Avevo già rilevato che Obama, appena insediato, aveva preso tempo, ricorrendo a vari espedienti, sulla questione che aveva largamente agitato durante la campagna elettorale della chiusura del lager di Guantanamo.
Adesso, essendo scaduto il termine dei (pochissimi) processi pendenti a carico di alcuni prigionieri, il presidente torna a prendere tempo, facilitato dal Senato che recentemente, con ben 86 voti a favore e tre contrari, ha approvato uno stanziamento supplementare per le guerre in Iraq e in Afghanistan e ha negato i fondi necessari per metter mano allo smantellamento del lager.
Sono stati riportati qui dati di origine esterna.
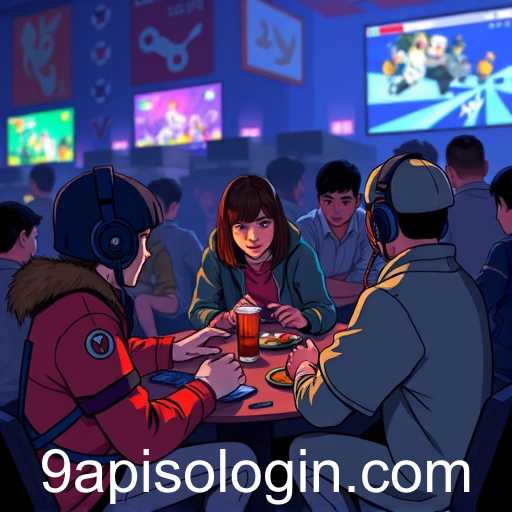 The Evolution and Appeal of Multiplayer Games in the Digital Era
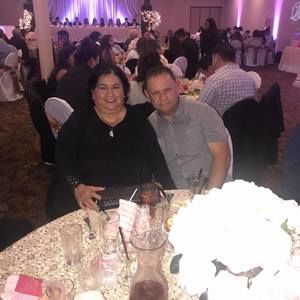 Meet your Posher, Micaela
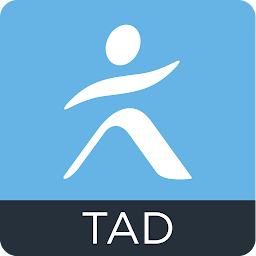 Symbolbild für TAD Île-de-France Mobilités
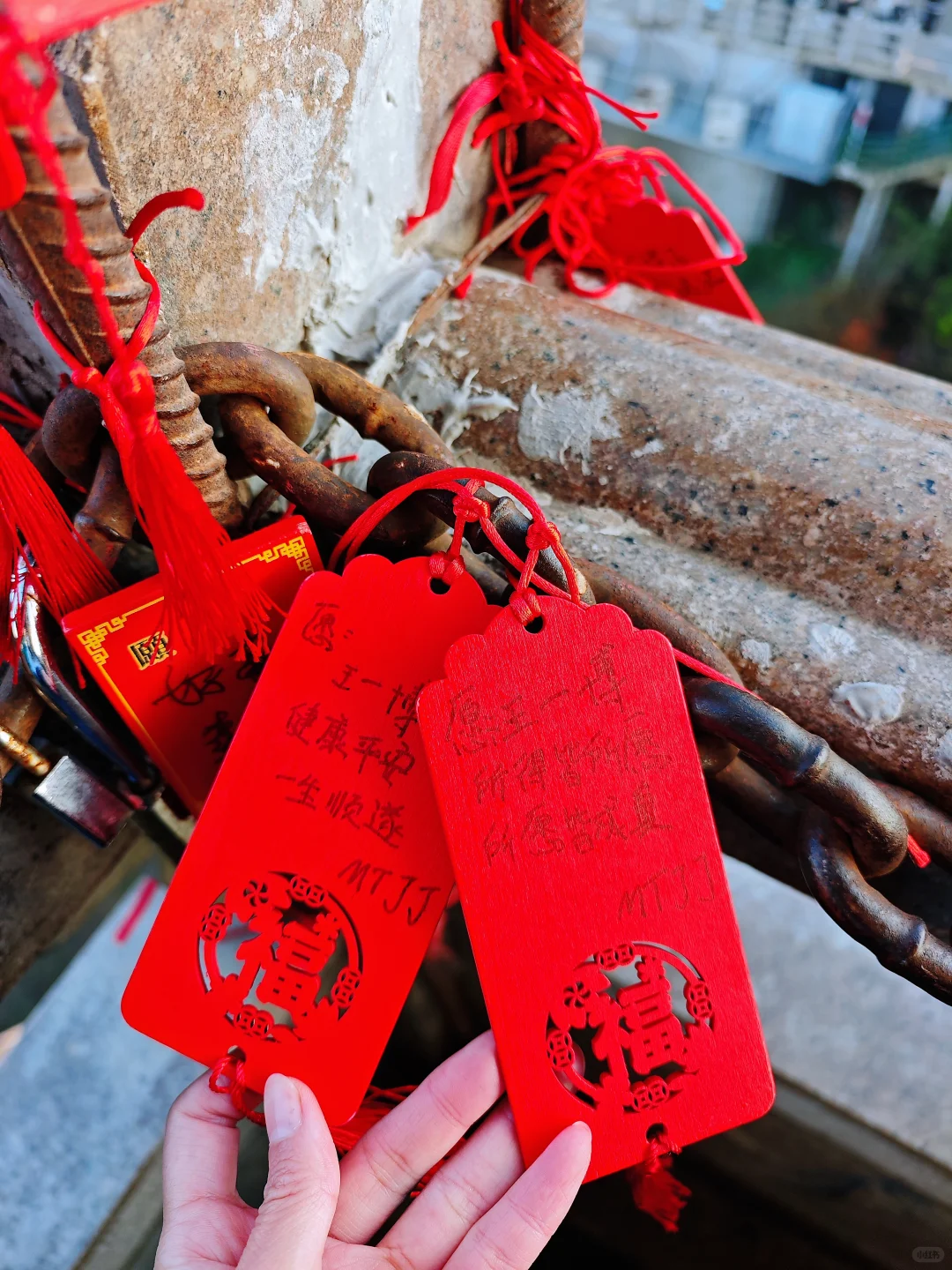 🧗🏻‍此生必徒｜老君山详细旅游攻略！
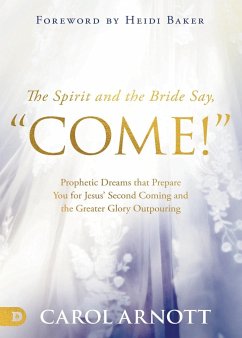 The Spirit and the Bride Say, 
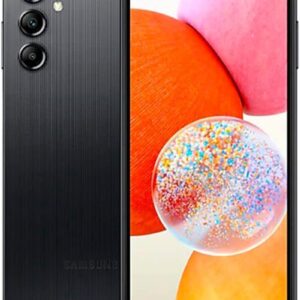 Samsung Galaxy A14 4GB_128GB black
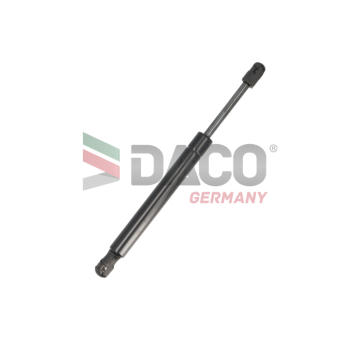 Pneumatická pružina, zavazadlový / nákladový prostor DACO Germany SG0211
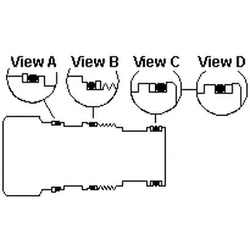Sun Hydraulics&reg; 355161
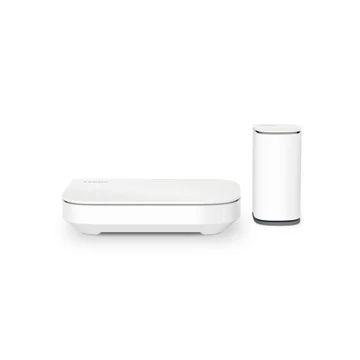 Linksys Velop Micro 6 Dual-Band Mesh WiFi System, 2-Pack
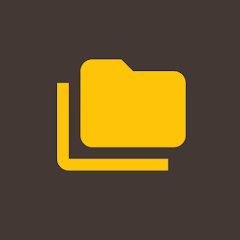 Folder in Folder MOD APK icon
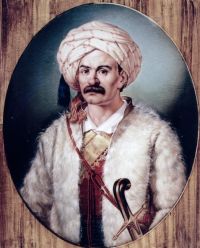 Portrait de Charles Nicolas Fabvier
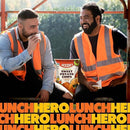 Habanero Nacho Sweet Potato Chips with 2.5oz (Vegan)-3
Obama chiarisce innanzitutto che non sarà rimesso in libertà nessun detenuto che rappresenti una minaccia per la sicurezza degli Stati Uniti e propone questa soluzione: degli attuali 240 prigionieri alcuni saranno processati dai Tribunali ordinari, quelli ritenuti più pericolosi da Corti militari speciali, altri ancora saranno trasferiti all’estero o rinchiusi in prigioni di massima sicurezza statunitensi.
C’è poi la dichiarazione che in ogni caso non saranno accettate prove estorte con la tortura o con le c.d. testimonianze indirette, rese cioè da non meglio identificati informatori, senza però chiarire se la non accettazione di tali prove ha anche efficacia retroattiva. Cosa di cui dubito, perché il risultato sarebbe quello di dover liberare quasi tutti mentre sostanzialmente non si vuole liberare quasi nessuno.
Quindi le Commissioni militari istituite dall’amministrazione Bush saranno sostituite dalle Corti militari speciali, sul tipo dei Tribunali speciali per la sicurezza dello stato dell’Italia fascista e, cosa forse ancor più grave, per alcuni detenuti non ci sarà neppure modo di istituire alcun processo perché, nonostante l’ampio ricorso a torture e informatori, l’impianto accusatorio non reggerebbe. Poco male: l’amministrazione Obama sta studiando un sistema per prolungare sine die la detenzione amministrativa per la quale è sufficiente la pericolosità di una persona, senza necessità alcuna di formulare un capo di imputazione e imbastire un processo. Tale strumento fu largamente usato dagli inglesi per reprimere le giuste rivendicazioni di indipendenza dei popoli delle colonie ed è in auge, fin dalla sua fondazione, in Israele per soffocare la sacrosanta resistenza palestinese.
Ribadisco quindi che, se a chiusura si arriverà, si tratterà di un evento puramente simbolico da agitare a scopi di propaganda: il regime carcerario e processuale della maggior parte dei prigionieri resterà comunque contrario ai principi del diritto internazionale sulla prigionia di guerra – perché di guerra si tratta – e del diritto processuale penale interno dei Paesi comunemente definiti democratici, perlopiù identificati con l’Occidente e che attribuiscono un ruolo guida proprio agli Stati Uniti.
Infine voglio ricordare che non c’è solo Guantanamo, perché gli Stati Uniti hanno installato strutture simili, se non addirittura peggiori, anche in Iraq e in Afghanistan e nessuno accenna alla loro chiusura né si pone il problema del trattamento sia materiale che giuridico dei numerosissimi prigionieri.